What you are asked to do
Copy all of the data below without altering a single line.

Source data
———
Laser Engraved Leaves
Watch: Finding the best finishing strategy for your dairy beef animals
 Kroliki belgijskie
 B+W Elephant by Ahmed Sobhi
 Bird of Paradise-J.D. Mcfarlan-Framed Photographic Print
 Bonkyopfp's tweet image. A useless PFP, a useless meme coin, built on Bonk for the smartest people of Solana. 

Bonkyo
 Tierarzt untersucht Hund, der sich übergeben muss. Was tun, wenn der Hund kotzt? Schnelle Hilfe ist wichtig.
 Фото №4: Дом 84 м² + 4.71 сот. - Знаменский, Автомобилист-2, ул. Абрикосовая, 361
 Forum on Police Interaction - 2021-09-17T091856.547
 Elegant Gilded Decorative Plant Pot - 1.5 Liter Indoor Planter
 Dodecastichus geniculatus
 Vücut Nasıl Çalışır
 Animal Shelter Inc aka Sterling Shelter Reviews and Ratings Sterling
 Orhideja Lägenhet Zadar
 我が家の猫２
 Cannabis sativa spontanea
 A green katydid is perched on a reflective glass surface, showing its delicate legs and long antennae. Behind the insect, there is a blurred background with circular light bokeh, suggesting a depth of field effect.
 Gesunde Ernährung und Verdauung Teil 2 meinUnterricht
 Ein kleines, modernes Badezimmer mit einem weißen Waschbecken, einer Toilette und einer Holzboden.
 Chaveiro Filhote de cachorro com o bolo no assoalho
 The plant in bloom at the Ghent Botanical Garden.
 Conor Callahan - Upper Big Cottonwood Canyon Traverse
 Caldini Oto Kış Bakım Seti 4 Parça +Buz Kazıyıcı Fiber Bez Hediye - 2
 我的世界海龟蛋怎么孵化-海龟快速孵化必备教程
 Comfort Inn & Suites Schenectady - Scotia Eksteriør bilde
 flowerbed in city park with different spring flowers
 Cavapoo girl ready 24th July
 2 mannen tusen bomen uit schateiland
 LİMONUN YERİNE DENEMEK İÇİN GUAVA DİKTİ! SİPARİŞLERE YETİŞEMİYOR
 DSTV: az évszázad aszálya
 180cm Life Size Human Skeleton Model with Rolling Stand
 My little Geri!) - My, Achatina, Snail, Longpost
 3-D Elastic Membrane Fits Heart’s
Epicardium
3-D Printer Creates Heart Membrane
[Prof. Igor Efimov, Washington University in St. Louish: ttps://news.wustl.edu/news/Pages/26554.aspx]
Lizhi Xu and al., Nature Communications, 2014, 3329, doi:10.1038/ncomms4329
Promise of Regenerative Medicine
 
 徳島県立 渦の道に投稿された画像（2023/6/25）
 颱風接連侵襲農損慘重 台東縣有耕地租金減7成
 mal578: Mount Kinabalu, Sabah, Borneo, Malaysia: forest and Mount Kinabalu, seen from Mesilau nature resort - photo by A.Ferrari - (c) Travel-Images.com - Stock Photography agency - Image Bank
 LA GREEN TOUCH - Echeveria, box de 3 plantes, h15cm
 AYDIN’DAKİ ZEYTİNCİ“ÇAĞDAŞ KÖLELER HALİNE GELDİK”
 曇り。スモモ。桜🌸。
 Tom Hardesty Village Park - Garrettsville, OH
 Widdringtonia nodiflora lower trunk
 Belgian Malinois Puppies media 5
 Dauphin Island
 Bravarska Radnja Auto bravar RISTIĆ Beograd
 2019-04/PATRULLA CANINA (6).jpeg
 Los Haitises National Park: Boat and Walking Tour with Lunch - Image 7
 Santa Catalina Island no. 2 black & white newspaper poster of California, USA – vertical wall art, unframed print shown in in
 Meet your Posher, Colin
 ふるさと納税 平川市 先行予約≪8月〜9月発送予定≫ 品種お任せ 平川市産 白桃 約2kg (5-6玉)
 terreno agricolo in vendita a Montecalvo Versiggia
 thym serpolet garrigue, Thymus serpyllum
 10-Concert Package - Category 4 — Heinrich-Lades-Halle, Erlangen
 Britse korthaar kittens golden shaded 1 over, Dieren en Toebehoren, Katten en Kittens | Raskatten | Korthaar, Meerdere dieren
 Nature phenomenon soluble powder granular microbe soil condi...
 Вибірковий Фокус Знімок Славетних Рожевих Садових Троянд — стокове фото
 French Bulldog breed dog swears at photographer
———
Reply to the exercise
Laser Engraved Leaves
Watch: Finding the best finishing strategy for your dairy beef animals
 Kroliki belgijskie
 B+W Elephant by Ahmed Sobhi
 Bird of Paradise-J.D. Mcfarlan-Framed Photographic Print
 Bonkyopfp's tweet image. A useless PFP, a useless meme coin, built on Bonk for the smartest people of Solana. 

Bonkyo
 Tierarzt untersucht Hund, der sich übergeben muss. Was tun, wenn der Hund kotzt? Schnelle Hilfe ist wichtig.
 Фото №4: Дом 84 м² + 4.71 сот. - Знаменский, Автомобилист-2, ул. Абрикосовая, 361
 Forum on Police Interaction - 2021-09-17T091856.547
 Elegant Gilded Decorative Plant Pot - 1.5 Liter Indoor Planter
 Dodecastichus geniculatus
 Vücut Nasıl Çalışır
 Animal Shelter Inc aka Sterling Shelter Reviews and Ratings Sterling
 Orhideja Lägenhet Zadar
 我が家の猫２
 Cannabis sativa spontanea
 A green katydid is perched on a reflective glass surface, showing its delicate legs and long antennae. Behind the insect, there is a blurred background with circular light bokeh, suggesting a depth of field effect.
 Gesunde Ernährung und Verdauung Teil 2 meinUnterricht
 Ein kleines, modernes Badezimmer mit einem weißen Waschbecken, einer Toilette und einer Holzboden.
 Chaveiro Filhote de cachorro com o bolo no assoalho
 The plant in bloom at the Ghent Botanical Garden.
 Conor Callahan - Upper Big Cottonwood Canyon Traverse
 Caldini Oto Kış Bakım Seti 4 Parça +Buz Kazıyıcı Fiber Bez Hediye - 2
 我的世界海龟蛋怎么孵化-海龟快速孵化必备教程
 Comfort Inn & Suites Schenectady - Scotia Eksteriør bilde
 flowerbed in city park with different spring flowers
 Cavapoo girl ready 24th July
 2 mannen tusen bomen uit schateiland
 LİMONUN YERİNE DENEMEK İÇİN GUAVA DİKTİ! SİPARİŞLERE YETİŞEMİYOR
 DSTV: az évszázad aszálya
 180cm Life Size Human Skeleton Model with Rolling Stand
 My little Geri!) - My, Achatina, Snail, Longpost
 3-D Elastic Membrane Fits Heart’s
Epicardium
3-D Printer Creates Heart Membrane
[Prof. Igor Efimov, Washington University in St. Louish: ttps://news.wustl.edu/news/Pages/26554.aspx]
Lizhi Xu and al., Nature Communications, 2014, 3329, doi:10.1038/ncomms4329
Promise of Regenerative Medicine
 
 徳島県立 渦の道に投稿された画像（2023/6/25）
 颱風接連侵襲農損慘重 台東縣有耕地租金減7成
 mal578: Mount Kinabalu, Sabah, Borneo, Malaysia: forest and Mount Kinabalu, seen from Mesilau nature resort - photo by A.Ferrari - (c) Travel-Images.com - Stock Photography agency - Image Bank
 LA GREEN TOUCH - Echeveria, box de 3 plantes, h15cm
 AYDIN’DAKİ ZEYTİNCİ“ÇAĞDAŞ KÖLELER HALİNE GELDİK”
 曇り。スモモ。桜🌸。
 Tom Hardesty Village Park - Garrettsville, OH
 Widdringtonia nodiflora lower trunk
 Belgian Malinois Puppies media 5
 Dauphin Island
 Bravarska Radnja Auto bravar RISTIĆ Beograd
 2019-04/PATRULLA CANINA (6).jpeg
 Los Haitises National Park: Boat and Walking Tour with Lunch - Image 7
 Santa Catalina Island no. 2 black & white newspaper poster of California, USA – vertical wall art, unframed print shown in in
 Meet your Posher, Colin
 ふるさと納税 平川市 先行予約≪8月〜9月発送予定≫ 品種お任せ 平川市産 白桃 約2kg (5-6玉)
 terreno agricolo in vendita a Montecalvo Versiggia
 thym serpolet garrigue, Thymus serpyllum
 10-Concert Package - Category 4 — Heinrich-Lades-Halle, Erlangen
 Britse korthaar kittens golden shaded 1 over, Dieren en Toebehoren, Katten en Kittens | Raskatten | Korthaar, Meerdere dieren
 Nature phenomenon soluble powder granular microbe soil condi...
 Вибірковий Фокус Знімок Славетних Рожевих Садових Троянд — стокове фото
 French Bulldog breed dog swears at photographer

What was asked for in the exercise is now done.